Thursday, August 20, 2009

Q115 A3: Whether the heavenly bodies are the cause of what is produced in bodies here below?

Yes. The movements of bodies here below, which are various and multiform, must be referred to the movement of the heavenly bodies, as to their cause, because the more immovable certain things are, the more are they the cause of those things which are more movable.

Motus horum inferiorum corporum qui sunt varii et multiformes, reducuntur in motum corporis caelestis, sicut in causam, quia quanto aliqua sunt immobiliora, tanto sunt magis causa eorum quae sunt magis mobilia.

Therefore it is necessary, as the Philosopher says (De Gener. ii, 10), to suppose a certain movable active principle, which by reason of its presence or absence causes variety in the generation and corruption of inferior bodies. Such are the heavenly bodies. Consequently whatever generates here below, moves to the production of the species, as the instrument of a heavenly body: thus the Philosopher says (Phys. ii, 2) that "man and the sun generate man."

Unde secundum philosophum, in II de Gen., necesse est ponere aliquod principium activum mobile, quod per sui praesentiam et absentiam causet varietatem circa generationem et corruptionem inferiorum corporum. Et huiusmodi sunt corpora caelestia.
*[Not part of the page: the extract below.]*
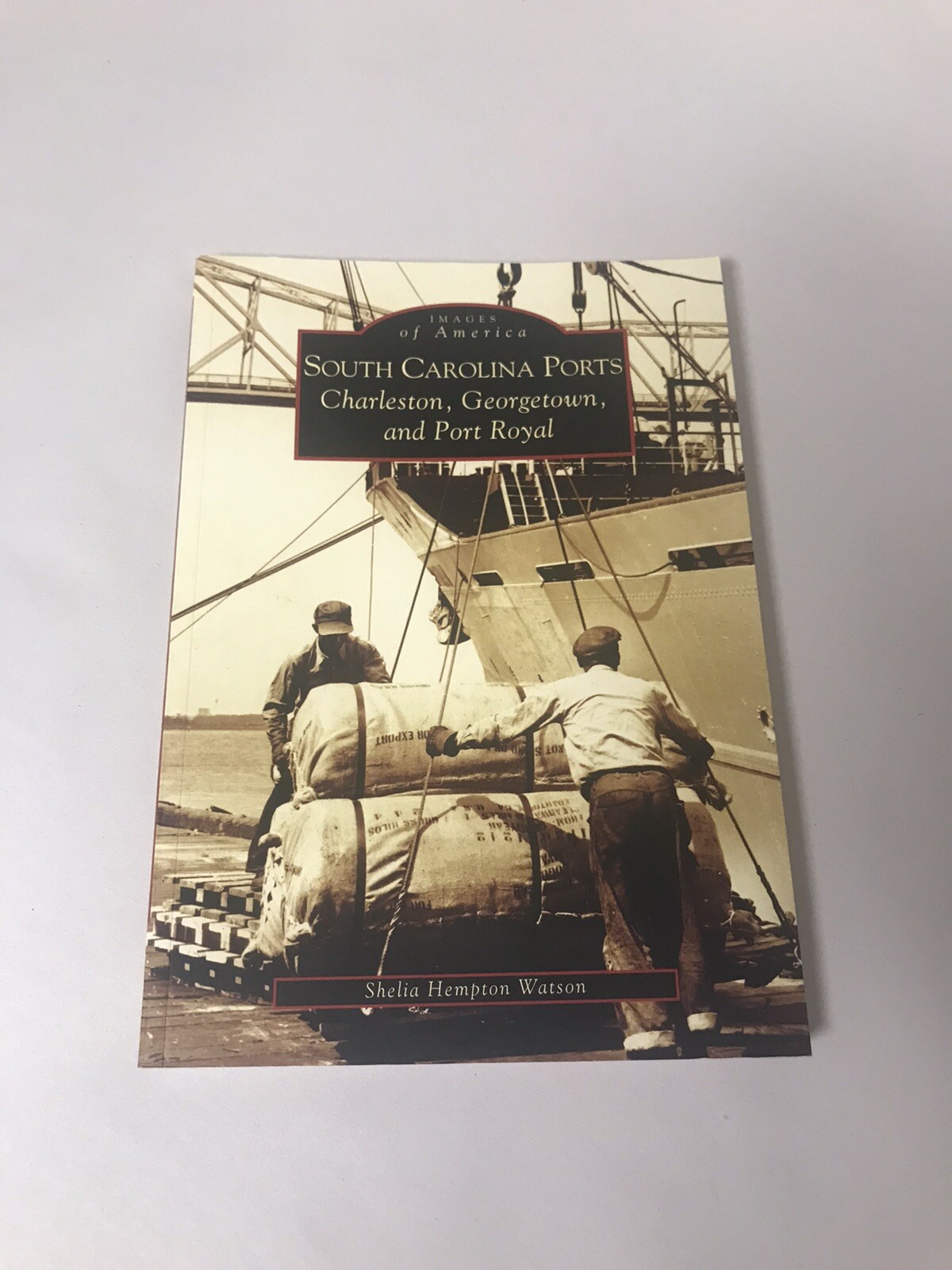 Images of America South Carolina Ports: Charleston, Georgetown, Port Royal, 2004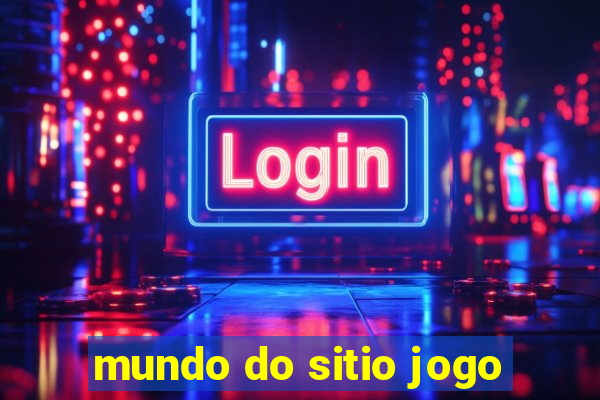 mundo do sitio jogo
Et ideo quidquid in istis inferioribus generat, movet ad speciem sicut instrumentum caelestis corporis; secundum quod dicitur in II Physic., quod "homo generat hominem, et sol".

The actions of heavenly bodies are variously received in inferior bodies, according to the various dispositions of matter. Now it happens at times that the matter in the human conception is not wholly disposed to the male sex; wherefore it is formed sometimes into a male, sometimes into a female. Augustine quotes this as an argument against divination by stars, because the effects of the stars are varied even in corporeal things, according to the various dispositions of matter.

Actiones corporum caelestium diversimode recipiuntur in inferioribus corporibus secundum diversam materiae dispositionem. Contingit autem quandoque quod materia conceptus humani non est disposita totaliter ad masculinum sexum; unde partim formatur in masculum, partim in feminam. Unde ad hoc introducitur ab Augustino, ad repellendum scilicet divinationem quae fit per astra, quia effectus astrorum variantur etiam in rebus corporeis, secundum diversam materiae dispositionem.

Augustine says (De Trin. iii, 4): "Bodies of a grosser and inferior nature are ruled in a certain order by those of a more subtle and powerful nature."

Augustinus dicit, III de Trin., quod "corpora crassiora et inferiora per subtiliora et potentiora quodam ordine reguntur".

And Dionysius (Div. Nom. iv) says that "the light of the sun conduces to the generation of sensible bodies, moves them to life, gives them nourishment, growth, and perfection."

Et Dionysius dicit, IV cap. de Div. Nom., quod "lumen solis ad generationem sensibilium corporum confert, et ad vitam ipsa movet, et nutrit et auget et perficit".